また同じ高い建物の合間を歩き、四角い空を見上げては、また白い息と共に雑念が空を舞う。


私の中では、いつでも声が聞きたいし、顔が見たい。

実際には、ここから逢うことすら出来なくなる今を、心の中をぐちゃぐちゃにしていく''黒い存在''が住み付いた。

怨みとかそういうものではなく、影のような存在である。


Aさんの友人と会った。
Cさんとする。

Cさんとはまともに話したことがなかった。

Cさんは穏やかな人だと思ったが、全然違う人だった。

むしろ、イライラしていて、冷たい言葉を出す人で、話している最中もイヤミを言われていた。

今までなんとも思っていなかったが、嫌いになるのに時間はかからなかった。

むしろ、イヤミを言われる道理なんかない。

以前、知り合いだった人が私の事で有ること無いこと言っているのは知っている。

それを鵜呑みにしているんだろうと思った。

だとしたら、私をよく知らない状態でその作っている話を鵜呑みにしている事もわからない。

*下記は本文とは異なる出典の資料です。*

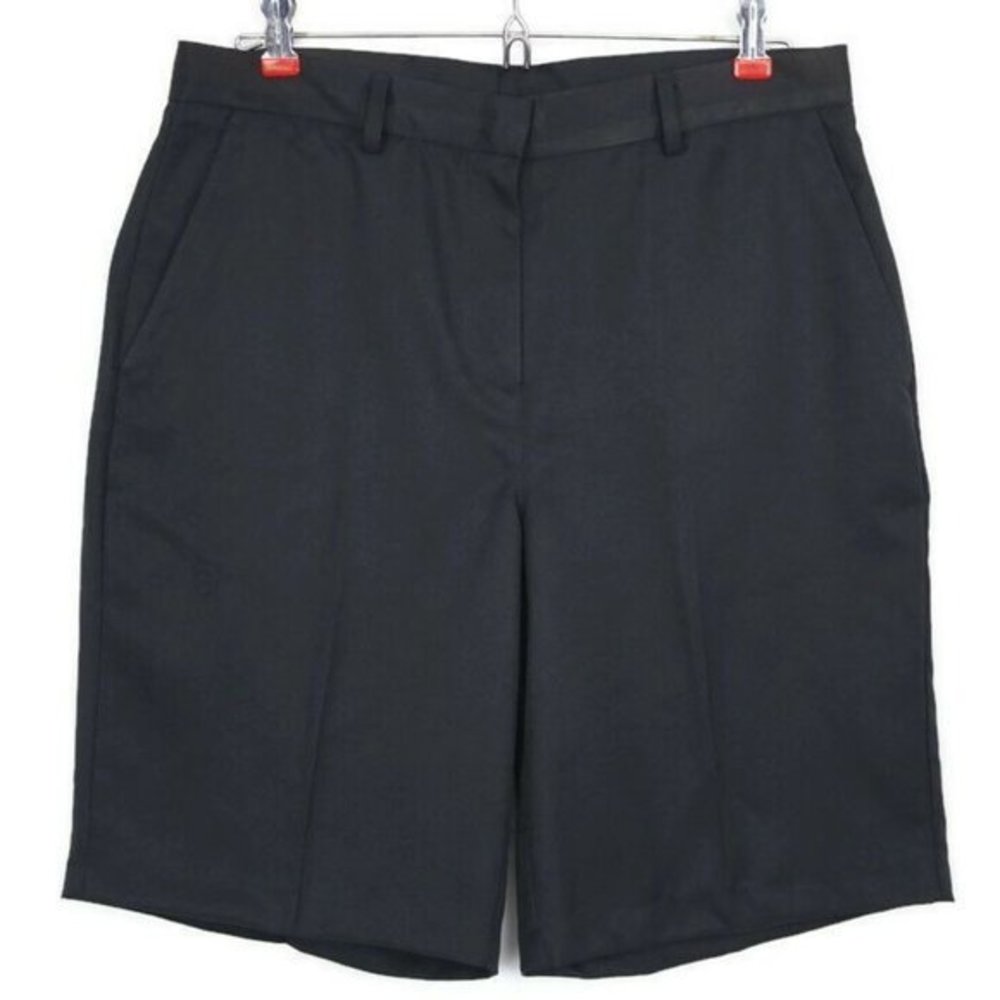 Edwards Uniform Work Shorts Black Microfiber 8‎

もしかしたら、その事は知らずにいて、ただ私を嫌いなのであれば、なんのために?と疑問すら出てくる。


それから、私はちょっとだけAさんへの態度が変わってしまった。

特に仲が良い訳じゃない。
それは分かってる。
だけど、ちょっとだけ距離を作っている私もいる。

Aさんが悪い訳じゃない。
Cさんがいるときは会いたくないとすら思えてしまった。

Aさんが私を好きな訳ではない。
それも分かってる。
集団に来てる一人だということも。
分かってる。
分かってるけど。


気持ちがエスカレートしてるかもしれない。
また空っぽの左手を見てはため息と心にふと北風が吹き込んでいた。


もう逢うことすらないのかもしれない。
話すことすら出来ないかもしれない。
あの笑顔を見ることが出来ないかもしれない。
あの優しい声を聞けないかもしれない。
もう二度と優しい腕を掴むことが出来ないかもしれない。

そう思うと、ふと涙が出そうになってしまう。


諦めるということは、こんなにも寂しく苦しいものだということが今更ながらわかったきた。

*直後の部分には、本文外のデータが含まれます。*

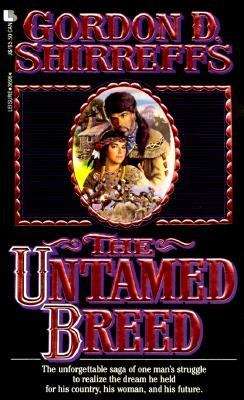 Book cover of The Untamed Breed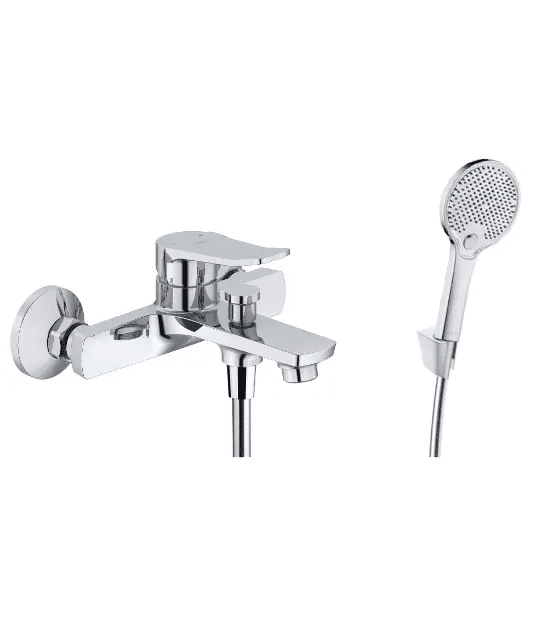 kielle 10327SN100 - Vanová baterie s příslušenstvím EcoSpare, chrom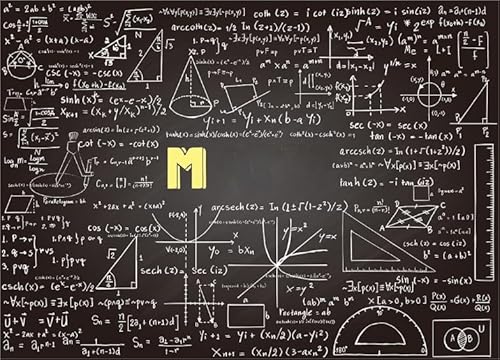 PDSYUCHEN 1000 Stück Puzzles - Difficult Puzzle - Maths Formulass Fun Poster - Gedächtnis-Erkennungs Spiel - Stressabbau-Spiel Für Erwachsene, Kunstbild - Jw91Th von PDSYUCHEN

このぽっかり空いた穴を埋めるには何が必要なんだろう?

そんなことを思うとまた涙が出そうになる。


サガシモノ ~戸惑い~

2016-11-21 18:00:00 | 
私は、掴んだ腕を離せなかった。



私たちには、親しいというものや友人という関係すらない。
逢うことだって、誰かが機会を作らなければ出来ない。
そんなものである。

私には''想い''というものはあるが、Aさんの中には、たまにこの集団に来てる人という事でしかない。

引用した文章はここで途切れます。